EXERCISE MATERIALS:
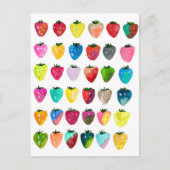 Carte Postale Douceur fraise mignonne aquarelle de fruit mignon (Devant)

==

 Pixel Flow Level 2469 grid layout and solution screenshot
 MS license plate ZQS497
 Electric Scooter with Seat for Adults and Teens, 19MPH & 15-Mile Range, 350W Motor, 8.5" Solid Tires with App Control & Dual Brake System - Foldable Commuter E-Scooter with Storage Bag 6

--

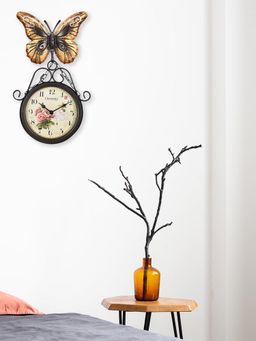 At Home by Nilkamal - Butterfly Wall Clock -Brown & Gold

TASK DETAILS:
Reproduce verbatim only the segment of the listing bounded by the line containing "MS license plate ZQS497" and the line containing "Electric Scooter with", with both boundary lines included.

TASK RESPONSE:
 MS license plate ZQS497
 Electric Scooter with Seat for Adults and Teens, 19MPH & 15-Mile Range, 350W Motor, 8.5" Solid Tires with App Control & Dual Brake System - Foldable Commuter E-Scooter with Storage Bag 6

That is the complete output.